### Data block
=======

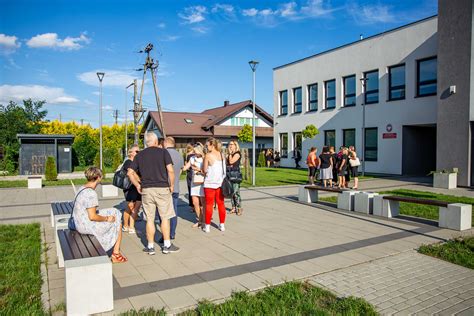 Protest W Justynowie Nauczyciele I Rodzice Domagaj Si Dymisji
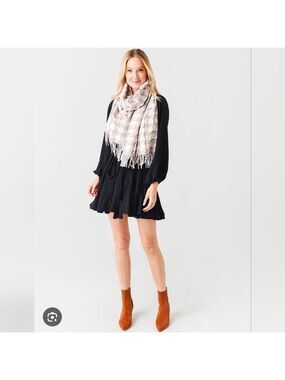 Soia & Kio Houndstooth Sania Oversized Fringed Scarf In Fawn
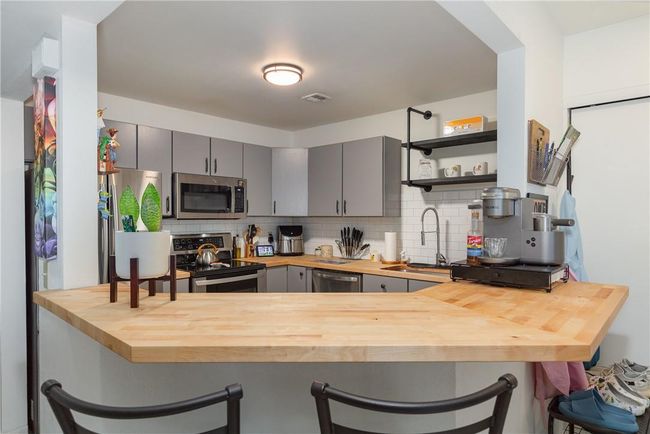4005 Deer Path, Condo with 2 bedrooms, 1 bathrooms and null parking in Poughkeepsie NY | Image 5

=======

### Exercise objective
Repeat the material exactly, without images.

### Answer section
 Protest W Justynowie Nauczyciele I Rodzice Domagaj Si Dymisji
 Soia & Kio Houndstooth Sania Oversized Fringed Scarf In Fawn
4005 Deer Path, Condo with 2 bedrooms, 1 bathrooms and null parking in Poughkeepsie NY | Image 5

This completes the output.